Download or read book CPP Cell Penetrating Peptides written by Ülo Langel and published by Springer Nature. This book was released on 2023-10-18 with total page 564 pages. Available in PDF, EPUB and Kindle. Book excerpt: In this book, a summary and update of the most important areas of cell-penetrating peptides (CPP) research are presented, while raising relevant questions for further development. The CPP sequences are presented and discussed throughout the book. The methods for testing CPP mechanisms are discussed in detail. Various approaches for the testing of endocytotic pathways of CPP uptake are also described. Different CPP uptake experiments are compared since it is becoming clear that it is often best to apply several methods in a complementary manner in order to most comprehensively evaluate CPP uptake mechanisms due to the complexity of these processes. A brief summary of functionality issues of CPPs, both in vitro and in vivo, is discussed. Therapeutic potential of CPPs and commercial developments are discussed. The present, second edition of this book is the updated and expanded version of the first edition, published in 2019. The development of the field of cell-penetrating peptides in these five years has been obvious and exciting. This second edition of the book has been partly reorganized and comprehensively expanded with the exciting research in 2019-2023. Around 2500 novel scientific articles have become available, most of them are reviewed in the second edition. Additional rapidly growing areas of high impact presented in this second edition are therapeutic developments (Chapter 16) and delivery of oligonucleotides and proteins/peptides (Chapters 5 and 6) including novel reports on genome editing with CPP assistance. Also, several additional examples are available now on clinical trials using CPPs (Chapter 15). The book is written for researchers and students in the field.
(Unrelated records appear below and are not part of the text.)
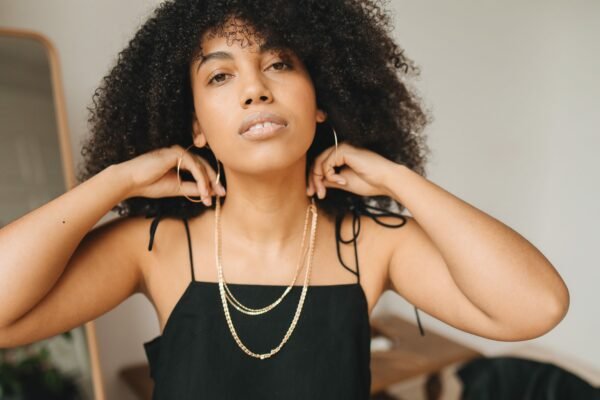 dreams about trying to get to someone but can’t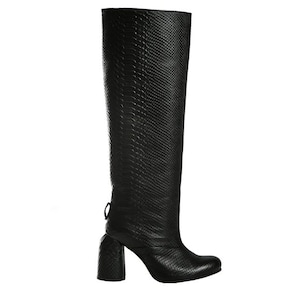 Peut inclure: Bottines noires à hauteur du genou avec un motif en peau de serpent et un talon épais.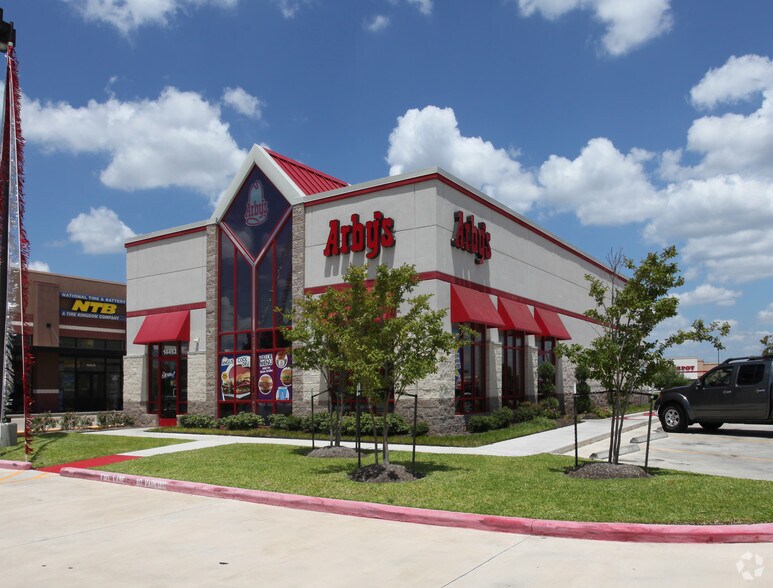 14452 FM 2920, Tomball, TX for sale - Primary Photo - Image 1 of 1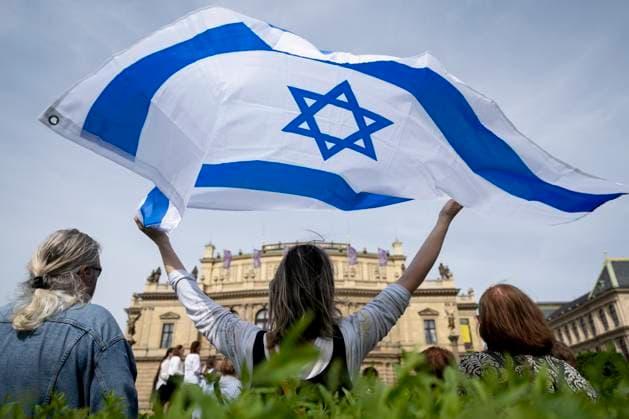 Bilder des Jahres 2024, News 04 April News Themen der Woche KW15 News Bilder des Tages Culture Against Anti-Semitism event, organised by Czech branch of International Christian Embassy Jerusalem (ICEJ) in support of Israel in Prague, Czech Republic, April 14, 2024. (CTKxPhoto OndrejxDeml) CTKPhotoP2024041404353  CTKPhotoP2024041404353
Download or read book Vaccines for the 21st Century written by Institute of Medicine and published by National Academies Press. This book was released on 2001-02-21 with total page 472 pages. Available in PDF, EPUB and Kindle. Book excerpt: Vaccines have made it possible to eradicate the scourge of smallpox, promise the same for polio, and have profoundly reduced the threat posed by other diseases such as whooping cough, measles, and meningitis. What is next? There are many pathogens, autoimmune diseases, and cancers that may be promising targets for vaccine research and development. This volume provides an analytic framework and quantitative model for evaluating disease conditions that can be applied by those setting priorities for vaccine development over the coming decades. The committee describes an approach for comparing potential new vaccines based on their impact on morbidity and mortality and on the costs of both health care and vaccine development. The book examines: Lessons to be learned from the polio experience. Scientific advances that set the stage for new vaccines. Factors that affect how vaccines are used in the population. Value judgments and ethical questions raised by comparison of health needs and benefits. The committee provides a way to compare different forms of illness and set vaccine priorities without assigning a monetary value to lives. Their recommendations will be important to anyone involved in science policy and public health planning: policymakers, regulators, health care providers, vaccine manufacturers, and researchers.